**ACTIVITY**
Exclude the pictures, then repeat the remaining data exactly.

##### COLLECTED MATERIAL #####

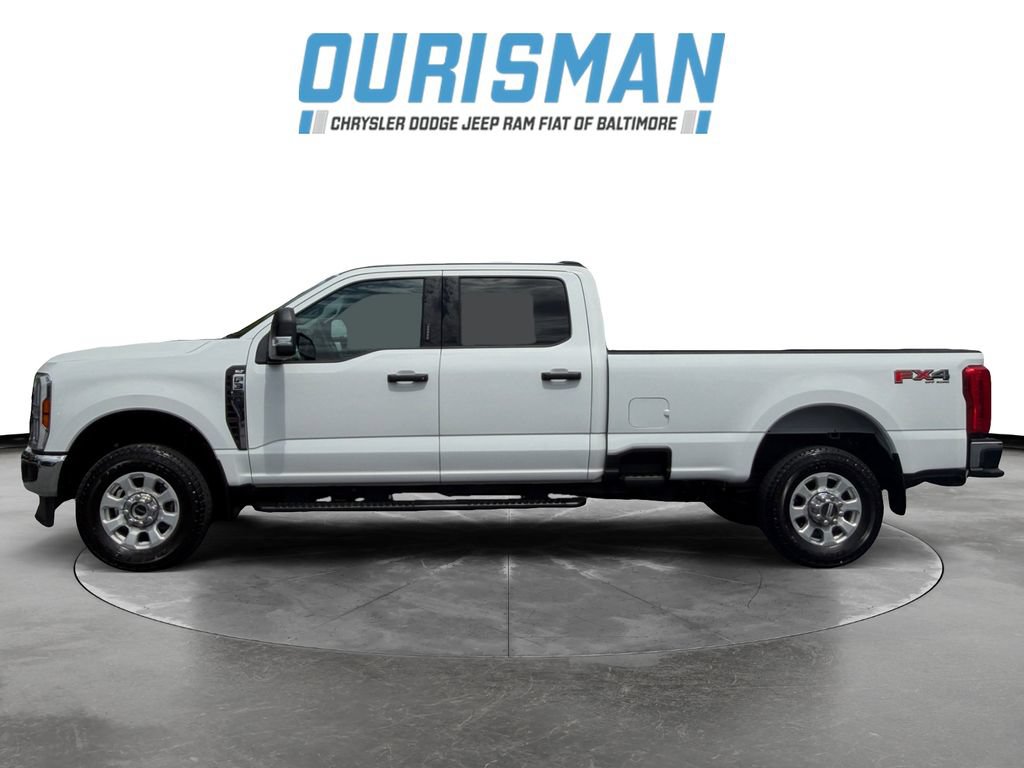 Used 2024 Ford F350 XLT w/ FX4 Off-Road Package AWD/4WD image 3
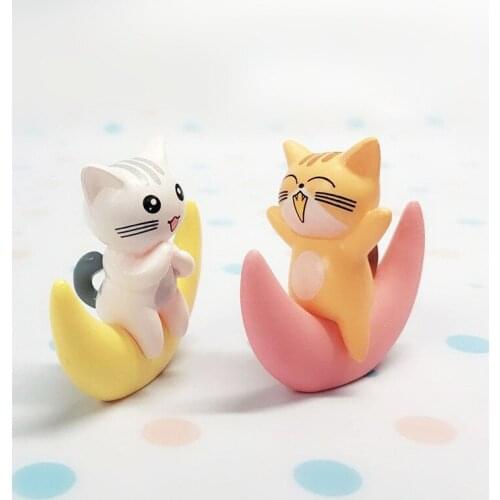 2Pcs Cartoon Cats Moon Models Plastic Figures Childrens Toys Cute Animals Mini Cat Kids Toy Home Car Decor DIY Birthday Gift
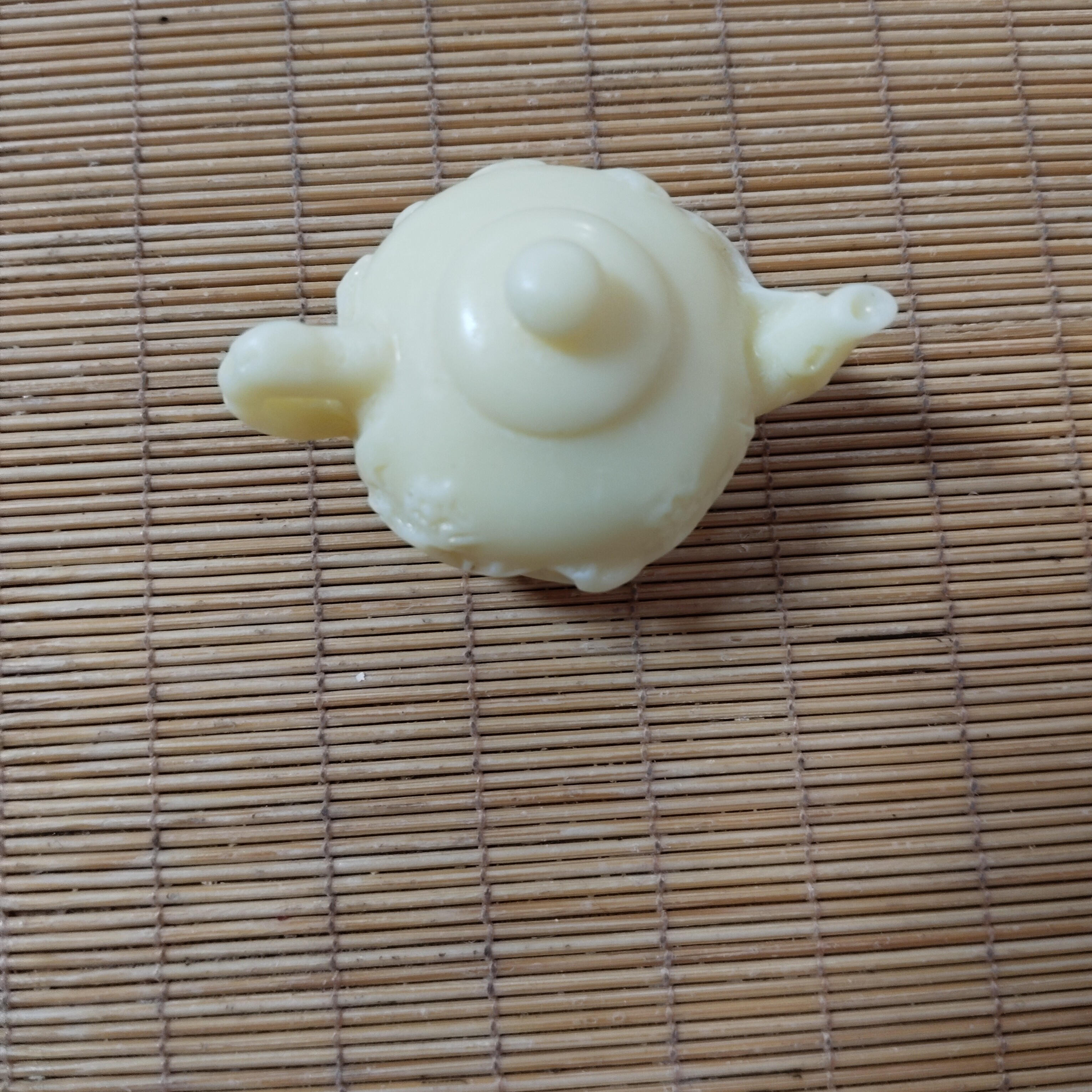 9084号白色小壶定制木料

#####

**OUTPUT FOR THIS TASK**
 Used 2024 Ford F350 XLT w/ FX4 Off-Road Package AWD/4WD image 3
 2Pcs Cartoon Cats Moon Models Plastic Figures Childrens Toys Cute Animals Mini Cat Kids Toy Home Car Decor DIY Birthday Gift
 9084号白色小壶定制木料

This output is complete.